Group therapies emerged in the 1920s to deal with sexual issues such as body image and interpersonal trust.[24] Postwar, group approaches to sexual problems diversified as a result of the human potential movement in the 1960s and involved modalities such as sensitivity training, encounter groups, gestalt therapy, and bodywork.[25]

Couples and family therapies were developed in the 1950s and 1960s. They identified the family/couple system, rather than the individual, as "the patient" and the locus of intervention. The crucial but counterintuitive notion that symptoms often maintain the homeostasis of the relationship is at the heart of both understanding and intervention on the systemic level (eg, see LoPiccolo and Friedman[26]).
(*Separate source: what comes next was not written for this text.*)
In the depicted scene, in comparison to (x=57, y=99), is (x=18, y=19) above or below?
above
The thoughtlessness of medical efforts at "simply" removing such symptoms, as with a surgical strike, is reiterated in systems texts.

Masters and Johnson[27] formalized some of the individual behavioral and educational interventions into a widely publicized couple treatment format and inaugurated a wave of psychiatry-department-based sex therapy clinics that embraced group, couple, and individual formats, but their approach ignored the systems theory approaches developing in family therapy and family medicine.[28,29] Sex therapy clinics thrived in the 1970s and 1980s but were in decline by 1990 as a result of the growth of biological psychiatry and the medicalization of sexual problems.

Somatic therapies for men's sexual problems remained in the shadows prior to the 1980s, as they had little to offer but experimental surgeries and penile prostheses for impotence.[30-32] In 1978, a group of physicians convened in New York to discuss new research in the physiology of erection.[33] They instituted regular meetings that evolved into the International Society for Impotence Research (ISIR) in 1982.* In the 1980s, urologists claimed authority over the new area of sexual medicine, noting "the emergence of the urologist as the primary coordinator of care for the patient with sexual dysfunction, whether the cause of that dysfunction is an organic, a psychogenic, or as sometimes occurs, a combination one."[34]

In 1983, at the American Urological Association convention, Giles Brindley, a British physiologist and physician, injected his penis with phenoxybenzamine just before his lecture and displayed his erection to the astonished audience.[35] This legendary event inaugurated an active era of intracavernosal injection treatments, although the first drug was not actually approved by the US FDA until 1997.[33,36] Also in 1983 came the patenting of a widely advertised vacuum device for erections. (Earlier models had been patented, but either not distributed or sold in sex stores.[37])

The biological buzz fit with the general molecular Zeitgeist. By 1988, the main health reporters in The New York Times[38,39] and Time[40] magazine were promoting the new physiology and treatments for impotence. And, in 1989, a major New England Journal of Medicine review of the field was authored by urologists, with only 2 paragraphs in 11 pages devoted to nonsomatic issues.[41]